Is it normal to be normal?
When I was [much] younger – maybe until my early 20s – I thought that there was something very wrong with the world. It was something that I thought that I might have been able to fix, if I were to be persuasive and influential enough. As it turned out, I never did fix the “problem”, but came to realize that it was not an issue after all. In fact, what I had seen as a problem, was really a good thing.
My issue was that there were many people who did not think like me …
My younger self was very disturbed by people who had “odd” ideas. Sometimes their actions appeared irrational – they would achieve something by means of a very roundabout route. At least that was the way it seemed. There were so many things that I felt were either clearly right or wrong. This might be politics, religion, moral standards, taste in food, art or whatever – and so it goes on. I had a very clear idea of what was “normal”.

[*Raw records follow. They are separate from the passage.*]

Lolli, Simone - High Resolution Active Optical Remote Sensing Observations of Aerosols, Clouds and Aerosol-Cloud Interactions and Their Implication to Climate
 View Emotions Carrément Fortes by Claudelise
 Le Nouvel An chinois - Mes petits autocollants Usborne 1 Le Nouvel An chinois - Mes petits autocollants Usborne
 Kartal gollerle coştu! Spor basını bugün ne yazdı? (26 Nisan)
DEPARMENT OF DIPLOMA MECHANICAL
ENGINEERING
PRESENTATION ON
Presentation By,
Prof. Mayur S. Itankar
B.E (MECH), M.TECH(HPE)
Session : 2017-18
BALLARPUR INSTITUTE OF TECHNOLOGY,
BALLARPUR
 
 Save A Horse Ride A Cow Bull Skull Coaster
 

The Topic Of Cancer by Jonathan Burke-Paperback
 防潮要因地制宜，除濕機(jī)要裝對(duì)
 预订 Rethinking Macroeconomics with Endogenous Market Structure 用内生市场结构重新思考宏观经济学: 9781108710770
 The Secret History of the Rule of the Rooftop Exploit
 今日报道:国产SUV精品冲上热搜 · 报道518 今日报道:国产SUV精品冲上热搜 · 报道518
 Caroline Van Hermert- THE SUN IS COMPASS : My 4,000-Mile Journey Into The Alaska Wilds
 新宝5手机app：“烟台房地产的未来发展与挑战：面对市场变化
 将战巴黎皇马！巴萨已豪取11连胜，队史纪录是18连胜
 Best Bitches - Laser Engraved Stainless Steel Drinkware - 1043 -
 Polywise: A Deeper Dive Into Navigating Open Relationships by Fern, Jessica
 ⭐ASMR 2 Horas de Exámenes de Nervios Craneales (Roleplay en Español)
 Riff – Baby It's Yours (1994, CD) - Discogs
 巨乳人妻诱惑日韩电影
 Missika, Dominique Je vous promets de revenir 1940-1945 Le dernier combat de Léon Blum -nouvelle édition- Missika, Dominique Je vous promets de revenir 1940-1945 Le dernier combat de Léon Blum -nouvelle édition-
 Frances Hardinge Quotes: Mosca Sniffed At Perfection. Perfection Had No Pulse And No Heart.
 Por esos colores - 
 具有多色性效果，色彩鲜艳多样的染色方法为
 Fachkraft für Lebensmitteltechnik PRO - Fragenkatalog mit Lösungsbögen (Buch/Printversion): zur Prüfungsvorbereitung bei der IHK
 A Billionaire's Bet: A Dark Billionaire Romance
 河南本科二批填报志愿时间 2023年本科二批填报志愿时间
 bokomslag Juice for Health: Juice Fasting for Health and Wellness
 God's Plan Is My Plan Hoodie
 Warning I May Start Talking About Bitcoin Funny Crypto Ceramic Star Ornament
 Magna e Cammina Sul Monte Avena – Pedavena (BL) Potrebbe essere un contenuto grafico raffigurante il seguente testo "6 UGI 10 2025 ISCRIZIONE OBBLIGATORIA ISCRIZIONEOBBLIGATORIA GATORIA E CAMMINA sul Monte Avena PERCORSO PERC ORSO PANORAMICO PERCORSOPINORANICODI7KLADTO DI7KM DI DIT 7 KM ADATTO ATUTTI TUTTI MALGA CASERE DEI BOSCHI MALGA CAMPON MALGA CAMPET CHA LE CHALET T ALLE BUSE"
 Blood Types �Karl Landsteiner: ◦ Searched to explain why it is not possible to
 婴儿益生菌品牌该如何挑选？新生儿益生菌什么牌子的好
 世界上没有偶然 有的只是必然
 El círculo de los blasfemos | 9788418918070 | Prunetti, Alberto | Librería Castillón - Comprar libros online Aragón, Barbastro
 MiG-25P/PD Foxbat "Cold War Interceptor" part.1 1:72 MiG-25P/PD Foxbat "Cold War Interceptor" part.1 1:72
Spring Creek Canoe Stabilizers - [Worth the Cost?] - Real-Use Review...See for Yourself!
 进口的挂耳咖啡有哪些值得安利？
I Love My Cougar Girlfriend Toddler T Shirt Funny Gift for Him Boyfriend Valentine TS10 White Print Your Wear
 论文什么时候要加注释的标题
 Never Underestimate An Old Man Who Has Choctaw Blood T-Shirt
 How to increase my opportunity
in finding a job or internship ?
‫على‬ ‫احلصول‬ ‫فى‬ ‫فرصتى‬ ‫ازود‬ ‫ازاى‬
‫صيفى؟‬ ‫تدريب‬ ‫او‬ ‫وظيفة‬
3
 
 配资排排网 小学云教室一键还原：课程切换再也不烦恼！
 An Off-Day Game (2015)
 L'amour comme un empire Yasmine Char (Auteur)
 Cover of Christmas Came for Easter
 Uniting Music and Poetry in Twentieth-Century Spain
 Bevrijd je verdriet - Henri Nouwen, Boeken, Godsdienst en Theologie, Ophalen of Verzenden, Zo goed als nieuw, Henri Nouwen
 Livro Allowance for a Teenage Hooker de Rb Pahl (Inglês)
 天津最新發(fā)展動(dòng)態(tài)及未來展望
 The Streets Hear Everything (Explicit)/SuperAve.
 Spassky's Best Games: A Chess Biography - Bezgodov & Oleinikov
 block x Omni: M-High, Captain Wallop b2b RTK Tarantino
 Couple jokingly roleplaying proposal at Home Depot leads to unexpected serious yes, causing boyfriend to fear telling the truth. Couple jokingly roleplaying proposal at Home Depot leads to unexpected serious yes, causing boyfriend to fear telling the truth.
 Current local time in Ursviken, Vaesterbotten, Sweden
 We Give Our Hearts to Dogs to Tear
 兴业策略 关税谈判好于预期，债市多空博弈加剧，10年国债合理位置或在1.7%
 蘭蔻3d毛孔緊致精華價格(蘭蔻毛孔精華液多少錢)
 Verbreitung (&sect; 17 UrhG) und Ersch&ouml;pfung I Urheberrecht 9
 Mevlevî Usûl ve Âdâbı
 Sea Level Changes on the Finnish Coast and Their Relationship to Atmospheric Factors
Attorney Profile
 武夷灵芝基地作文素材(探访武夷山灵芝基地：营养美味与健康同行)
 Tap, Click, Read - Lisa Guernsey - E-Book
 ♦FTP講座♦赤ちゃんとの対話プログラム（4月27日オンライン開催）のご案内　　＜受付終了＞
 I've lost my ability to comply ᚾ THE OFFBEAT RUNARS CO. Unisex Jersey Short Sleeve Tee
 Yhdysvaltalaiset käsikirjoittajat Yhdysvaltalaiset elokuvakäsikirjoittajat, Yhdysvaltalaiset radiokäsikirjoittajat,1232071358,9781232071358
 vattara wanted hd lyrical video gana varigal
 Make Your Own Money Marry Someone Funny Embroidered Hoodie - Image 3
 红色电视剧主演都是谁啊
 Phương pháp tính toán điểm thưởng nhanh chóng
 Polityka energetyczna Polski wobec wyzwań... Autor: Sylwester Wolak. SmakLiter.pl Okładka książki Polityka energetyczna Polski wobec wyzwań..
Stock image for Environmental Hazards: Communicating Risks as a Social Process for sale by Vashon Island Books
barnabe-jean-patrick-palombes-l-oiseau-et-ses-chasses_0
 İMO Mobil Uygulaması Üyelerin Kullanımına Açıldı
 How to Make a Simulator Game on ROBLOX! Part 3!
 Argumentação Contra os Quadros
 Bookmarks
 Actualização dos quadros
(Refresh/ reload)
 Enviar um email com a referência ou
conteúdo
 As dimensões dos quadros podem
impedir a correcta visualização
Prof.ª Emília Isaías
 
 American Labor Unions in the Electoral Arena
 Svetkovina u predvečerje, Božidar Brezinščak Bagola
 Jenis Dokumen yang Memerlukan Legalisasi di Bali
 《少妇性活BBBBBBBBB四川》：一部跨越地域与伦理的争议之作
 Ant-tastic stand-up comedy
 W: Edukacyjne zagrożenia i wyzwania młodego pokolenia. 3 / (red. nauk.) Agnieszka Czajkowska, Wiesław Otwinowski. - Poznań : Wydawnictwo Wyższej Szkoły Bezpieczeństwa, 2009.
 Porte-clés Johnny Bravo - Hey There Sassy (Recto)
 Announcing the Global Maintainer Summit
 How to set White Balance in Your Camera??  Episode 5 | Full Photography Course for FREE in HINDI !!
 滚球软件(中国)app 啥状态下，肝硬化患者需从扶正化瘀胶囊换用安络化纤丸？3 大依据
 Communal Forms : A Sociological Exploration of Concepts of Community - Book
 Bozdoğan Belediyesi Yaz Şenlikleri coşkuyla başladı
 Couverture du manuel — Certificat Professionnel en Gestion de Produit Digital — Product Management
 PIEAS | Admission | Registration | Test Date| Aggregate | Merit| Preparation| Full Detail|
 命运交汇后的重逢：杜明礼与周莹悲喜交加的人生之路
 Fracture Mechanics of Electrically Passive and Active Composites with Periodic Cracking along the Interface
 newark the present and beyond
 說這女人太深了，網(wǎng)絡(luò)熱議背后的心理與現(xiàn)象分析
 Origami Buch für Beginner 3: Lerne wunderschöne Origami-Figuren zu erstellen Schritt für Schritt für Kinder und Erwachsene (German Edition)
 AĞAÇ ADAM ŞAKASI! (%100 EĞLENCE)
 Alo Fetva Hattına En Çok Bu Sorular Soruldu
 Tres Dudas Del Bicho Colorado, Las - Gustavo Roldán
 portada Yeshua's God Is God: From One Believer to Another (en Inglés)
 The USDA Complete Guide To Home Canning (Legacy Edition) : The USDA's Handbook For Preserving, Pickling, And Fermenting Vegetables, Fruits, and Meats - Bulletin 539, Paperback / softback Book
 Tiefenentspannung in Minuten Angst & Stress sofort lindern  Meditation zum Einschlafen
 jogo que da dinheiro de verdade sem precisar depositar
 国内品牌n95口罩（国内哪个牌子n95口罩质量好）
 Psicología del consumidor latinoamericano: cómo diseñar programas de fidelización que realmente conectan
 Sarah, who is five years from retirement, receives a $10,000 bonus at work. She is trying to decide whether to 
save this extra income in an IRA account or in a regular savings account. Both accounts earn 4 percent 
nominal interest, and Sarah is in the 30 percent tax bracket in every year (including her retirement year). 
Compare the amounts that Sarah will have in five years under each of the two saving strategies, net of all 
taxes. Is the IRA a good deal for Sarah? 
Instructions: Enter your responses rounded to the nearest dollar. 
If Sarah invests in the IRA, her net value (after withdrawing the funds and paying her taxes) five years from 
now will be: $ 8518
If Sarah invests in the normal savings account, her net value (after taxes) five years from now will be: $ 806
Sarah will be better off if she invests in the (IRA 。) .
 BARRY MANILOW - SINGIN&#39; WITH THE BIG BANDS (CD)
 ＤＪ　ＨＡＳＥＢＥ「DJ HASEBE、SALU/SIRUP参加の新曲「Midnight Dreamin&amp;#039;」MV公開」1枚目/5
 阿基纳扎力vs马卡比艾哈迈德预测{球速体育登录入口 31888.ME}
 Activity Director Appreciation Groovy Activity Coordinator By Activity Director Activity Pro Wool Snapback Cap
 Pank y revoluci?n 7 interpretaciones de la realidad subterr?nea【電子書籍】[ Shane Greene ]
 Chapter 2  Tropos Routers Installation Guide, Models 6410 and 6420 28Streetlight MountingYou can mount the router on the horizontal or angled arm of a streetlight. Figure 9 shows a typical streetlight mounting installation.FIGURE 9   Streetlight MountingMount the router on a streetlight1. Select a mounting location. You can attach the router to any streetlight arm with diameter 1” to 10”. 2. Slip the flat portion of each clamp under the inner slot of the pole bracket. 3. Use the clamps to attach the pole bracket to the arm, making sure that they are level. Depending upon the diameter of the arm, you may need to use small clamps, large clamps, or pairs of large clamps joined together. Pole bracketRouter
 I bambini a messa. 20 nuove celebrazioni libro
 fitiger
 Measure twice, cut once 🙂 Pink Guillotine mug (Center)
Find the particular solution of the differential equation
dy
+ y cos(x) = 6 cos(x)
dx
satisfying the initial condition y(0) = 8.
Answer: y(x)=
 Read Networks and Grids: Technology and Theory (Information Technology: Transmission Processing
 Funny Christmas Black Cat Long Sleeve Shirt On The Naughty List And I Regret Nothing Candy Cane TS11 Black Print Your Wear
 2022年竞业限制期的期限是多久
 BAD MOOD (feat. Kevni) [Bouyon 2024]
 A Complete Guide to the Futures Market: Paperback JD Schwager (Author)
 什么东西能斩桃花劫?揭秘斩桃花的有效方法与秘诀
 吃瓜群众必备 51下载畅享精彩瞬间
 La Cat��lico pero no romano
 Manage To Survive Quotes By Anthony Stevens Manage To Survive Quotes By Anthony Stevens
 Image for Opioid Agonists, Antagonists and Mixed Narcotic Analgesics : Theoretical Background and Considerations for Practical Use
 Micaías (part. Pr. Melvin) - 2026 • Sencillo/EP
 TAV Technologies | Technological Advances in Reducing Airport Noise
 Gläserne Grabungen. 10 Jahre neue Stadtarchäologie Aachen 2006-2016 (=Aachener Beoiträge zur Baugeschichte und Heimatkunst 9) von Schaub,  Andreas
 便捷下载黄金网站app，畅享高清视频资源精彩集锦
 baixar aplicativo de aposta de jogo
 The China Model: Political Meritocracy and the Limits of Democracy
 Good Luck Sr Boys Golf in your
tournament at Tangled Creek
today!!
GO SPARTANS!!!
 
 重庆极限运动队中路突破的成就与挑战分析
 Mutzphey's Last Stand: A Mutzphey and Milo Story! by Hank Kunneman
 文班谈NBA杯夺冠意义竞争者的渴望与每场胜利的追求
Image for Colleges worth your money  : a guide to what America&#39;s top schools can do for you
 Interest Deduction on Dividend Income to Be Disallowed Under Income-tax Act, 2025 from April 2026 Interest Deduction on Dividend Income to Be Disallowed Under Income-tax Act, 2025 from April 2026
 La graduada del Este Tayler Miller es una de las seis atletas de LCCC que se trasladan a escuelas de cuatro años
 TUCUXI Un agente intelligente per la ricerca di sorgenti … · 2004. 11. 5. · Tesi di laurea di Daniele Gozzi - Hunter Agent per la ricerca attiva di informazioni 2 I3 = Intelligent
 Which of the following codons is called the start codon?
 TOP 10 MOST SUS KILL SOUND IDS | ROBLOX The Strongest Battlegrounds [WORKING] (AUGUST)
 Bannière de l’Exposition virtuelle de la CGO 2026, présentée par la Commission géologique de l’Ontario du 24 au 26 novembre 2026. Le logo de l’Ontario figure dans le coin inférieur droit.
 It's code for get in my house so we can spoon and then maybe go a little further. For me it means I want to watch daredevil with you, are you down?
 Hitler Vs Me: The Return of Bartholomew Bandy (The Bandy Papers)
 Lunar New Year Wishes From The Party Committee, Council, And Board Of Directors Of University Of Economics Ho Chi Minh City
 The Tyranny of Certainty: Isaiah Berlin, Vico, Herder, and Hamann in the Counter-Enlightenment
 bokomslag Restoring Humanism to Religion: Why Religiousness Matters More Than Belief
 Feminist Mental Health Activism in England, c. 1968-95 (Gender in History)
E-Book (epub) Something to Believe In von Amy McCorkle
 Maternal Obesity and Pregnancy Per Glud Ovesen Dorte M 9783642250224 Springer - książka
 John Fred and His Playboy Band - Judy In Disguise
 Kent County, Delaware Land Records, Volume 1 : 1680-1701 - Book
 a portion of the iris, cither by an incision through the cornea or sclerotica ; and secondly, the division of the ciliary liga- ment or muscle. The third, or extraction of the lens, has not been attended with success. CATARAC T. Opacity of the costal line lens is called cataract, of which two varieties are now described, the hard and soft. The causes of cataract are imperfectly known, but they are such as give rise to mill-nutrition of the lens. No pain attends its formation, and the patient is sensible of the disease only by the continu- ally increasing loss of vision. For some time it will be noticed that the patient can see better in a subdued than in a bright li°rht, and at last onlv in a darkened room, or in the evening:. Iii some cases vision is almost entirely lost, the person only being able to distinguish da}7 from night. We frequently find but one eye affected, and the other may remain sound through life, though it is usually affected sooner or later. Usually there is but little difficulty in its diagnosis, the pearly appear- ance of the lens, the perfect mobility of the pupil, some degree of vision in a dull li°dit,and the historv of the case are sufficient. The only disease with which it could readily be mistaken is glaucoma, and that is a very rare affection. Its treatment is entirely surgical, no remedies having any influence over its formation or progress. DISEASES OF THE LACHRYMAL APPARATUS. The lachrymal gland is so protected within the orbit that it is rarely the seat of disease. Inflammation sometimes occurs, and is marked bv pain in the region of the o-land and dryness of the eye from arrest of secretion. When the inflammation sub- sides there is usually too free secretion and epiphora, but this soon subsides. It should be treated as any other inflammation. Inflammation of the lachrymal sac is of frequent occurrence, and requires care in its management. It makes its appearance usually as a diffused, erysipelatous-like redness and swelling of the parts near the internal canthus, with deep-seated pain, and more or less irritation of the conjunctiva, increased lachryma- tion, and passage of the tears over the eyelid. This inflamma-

In more recent years, I have come to understand that everyone has their own, personal “normal”. That diversity is a really positive thing, which contributes to the strength and vibrancy of our culture. I now accept – no, embrace – this concept. But now I have another issue: do we each define our own normal or are we influenced by others?
Clearly we are all influenced, at least to some extent, by those around us. A simple example is clothes fashion. Some fashions make sense. I wear denim jeans most of the time. They are [somewhat] fashionable [although I probably do not have this week’s “cut”], but they are also very practical. Other fashions are very impractical. Nobody can persuade me that shoes that make your feet hurt, or high heels, or platforms are remotely practical [or even attractive]. I am always amused by seeing boys wearing knee-length, baggy shorts for swimming, which make no sense at all. [I am aware that this is an American fashion which has influenced youth over here. I take a more European approach myself.]
This may all seem very light-hearted and, indeed, clothes fashion is just that, but there are two aspects of being normal that worry me a lot. First is body image. So many people [predominantly, but not exclusively girls] feel that they are “abnormal” because they are not the idealized shape that they see on TV and in magazines. In most cases, this just results in harmless teenage angst; but, in others, it leads to eating disorders, depression and self-harm. The current trend for all the media to present an almost impossible “ideal” body image, and then sexualize it, is causing so much unhappiness.
But it gets worse. In 1930s Germany it was fashionable [and I apologize for using such a trite word for such a serious subject] to hate Jews. It became “normal” to discriminate against people and abuse them just because they were Jewish. It was not normal any more then than it is now. Such attitudes come from people accepting society’s idea of what is normal, instead of defining their own.
So, here is the challenge. Strand back and think about how you lead your life, what you do and what attitudes you hold. Consider what is normal for you. Is it actually how you feel or are you simply going with the flow and accepting what society tells you is normal? Most people think that being normal is essentially being like everyone about them. I would suggest that this is abnormal – you can do better than that.